"The Belarus government and the National Bank of the Republic of Belarus on May 31, 2011 sent an application to the International Monetary Fund for the extension of a stabilisation loan," the Belarus government said in a statement.
Prime Minister Mikhail Myasnikovich said he expected aid of $3.5 to $8 billion over three to five years -- the lower figure similar to the $3.45 billion in 2009 agreed to keep the country afloat during the worst of the global economic crisis.
Minsk's approach to the IMF reflects the severity of the economic crisis in the republic of 10 million people and represents a major U-turn by the country's leadership.
Authoritarian President Alexander Lukashenko last month demanded to know why he would subject his government to the stiff terms likely to be sought by the IMF and insisted he would never seek Western help.
Belarus appeared to have timed the request to coincide with the presence of an IMF mission in the country for the next two weeks on a previously scheduled trip.
The IMF did not give any clue over how it would view the request but confirmed that it had received the approach from Minsk and that the issue would be discussed during the mission's visit.
"The mission will use the opportunity to exchange views with the authorities on possible next steps in response to their request for the Fund-supported program," IMF spokeswoman Olga Stankova said.
The foreign minister of Sweden -- which with Poland is spearheading a democratisation programme for Eastern Europe -- said Minsk's call for help marked an important moment in the West's difficult relations with Lukashenko.
"Belarus has been forced to ask for IMF help. Collapse complete," Swedish Foreign Minister Carl Bildt wrote in his Twitter account.
"But politics must change. Otherwise no help," Bildt said in reference to Lukashenko's crackdown on the opposition and his control of the media.
As well as political pressure from the West, the IMF is expected to make radical economic reform and austerity measures the condition of any package.
"The IMF will recommend we lift the recently-imposed price freezes, once again sharply raise the main refinancing (interest) rate and of course step up the privatisation programme," a government source told the Interfax news agency.
The country's economic problems intensified after a disputed December election handed Lukashenko a victory so controversial it even soured his relations with traditional ally Russia.
Moscow has since refused to offer direct assistance to Minsk and demanded that Lukashenko approve a privatisation programme that could see Russian firms take over large swathes of its neighbour's economy.

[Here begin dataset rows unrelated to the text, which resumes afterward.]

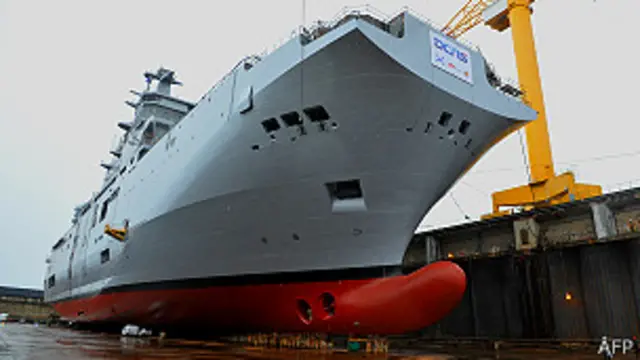 Первый вертолетоносец типа "Мистраль", передаваемый России, обошелся в 400 млн евро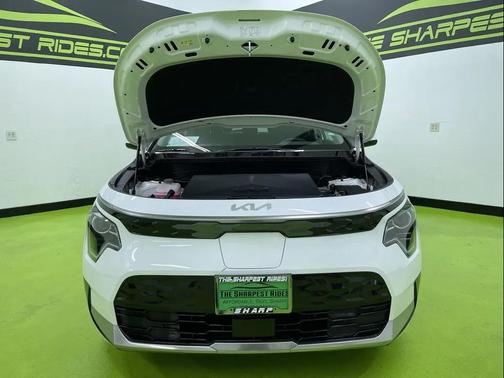 2023 Kia Niro EV Wind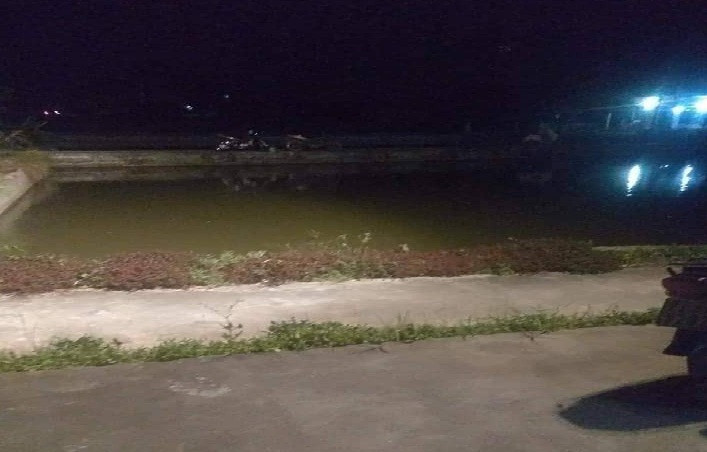 Nam Dinh: 3 chau be xuong ao choi, duoi nuoc thuong tam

Lukashenko appeared to be running out of options and increasingly blaming his domestic problems on foreign foes.
He promised to kick Russian media out of Minsk and demanded that a better work ethic be introduced at the country's state-run enterprises.
But a series of dramatic economic decisions betrayed a sign of panic among Lukashenko allies never seen during his nearly 17-year rule.
Lukashenko agreed to devalue the local ruble by 36 per cent last month after repeated vows to defend it.
Interest rates were hiked last week by a stinging two percentage basis points to 16 percent and the government admitted that annual inflation would this year hit 39 percent under its optimistic forecast.
It has also slapped price caps on basic staples such as salt and vinegar to prevent hyperinflation as consumers seek to convert their depreciating currency into actual goods.
Lukashenko's troubles at home have been compounded by a still-unclaimed bomb blast that killed 15 people on the Minsk metro in April and sparked another wave of detentions by the Belarus police.